Simulation of a possible quadrupole magnetic field configuration for a pulsar with hot spots in only the southern hemisphere. Credits: NASA’s Goddard Space Flight Center
A team of astronomers have used a model of earthquakes to understand glitches in the timing of pulsars. Their results suggest that pulsars may have interiors that are far stranger than can be imagined.
Pulsars are perhaps the most accurate timekeepers in the entire universe. The pulsars themselves are really rapidly spinning neutron stars. Neutron stars are ultra-dense balls of atomic matter, usually no bigger than a few miles across with a mass a few times that of the Sun.
When these neutron stars spin they blast out beams of radiation that draw circles around the sky. If the Earth happens to lie on one of those circles then we see a periodic flashing from those beams of radiation, creating a pulsar.

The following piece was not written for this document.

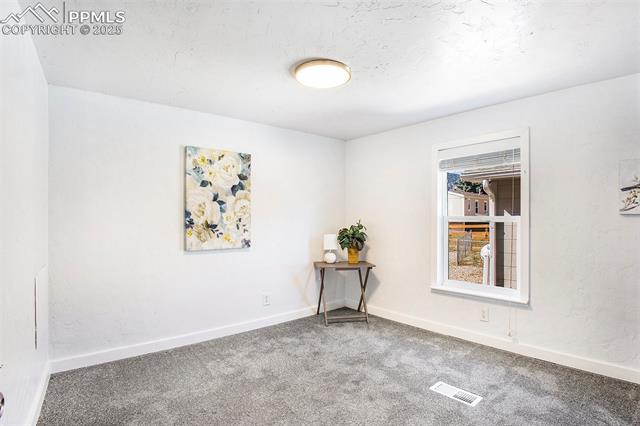 8440 Piute Road Colorado Springs, CO 80926 - Photo 18 of 34 Huge bedroom with abundant space, soft carpeting, and plenty of natural light—perfect for comfort and versatility or office use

Pulsars will keep accurate rhythm for incredibly long periods of time. But occasionally they are known to glitch, when they suddenly shift from one rotation rate to another.
Astronomers do not fully understand what causes the glitches, but recently a team of researchers put together a model of how glitches operate. The model is based on earthquakes. Earthquakes have many causes, but one of them is when too much tension and pressure builds up between tectonic plates and the crust of the Earth buckles under the pressure. That results in an earthquake and a resettling of the material in the Earth.
When it comes to neutron stars, their complex interiors can also undergo enormous pressures, with components of the neutron star material pressing up against other parts. If the pressure becomes too much, the neutron star rearranges itself, triggering a starquake and a realignment of its own interior. With the new distribution of mass within the neutron star a new rotation rate emerges.
The researchers used this earthquake model to try to determine what is at the interior of neutron stars. The deep cores of neutron stars could be neutrons in a highly exotic state, or a more degenerate form of matter made almost entirely of strange quarks.
The researchers found that the model of the neutron star interior that included strange quarks was better able to produce glitches through a starquake mechanism.
Astronomers will need to make further observations to test this idea, but it shows how the observational features of neutron stars can give us hints as to their mysterious interiors.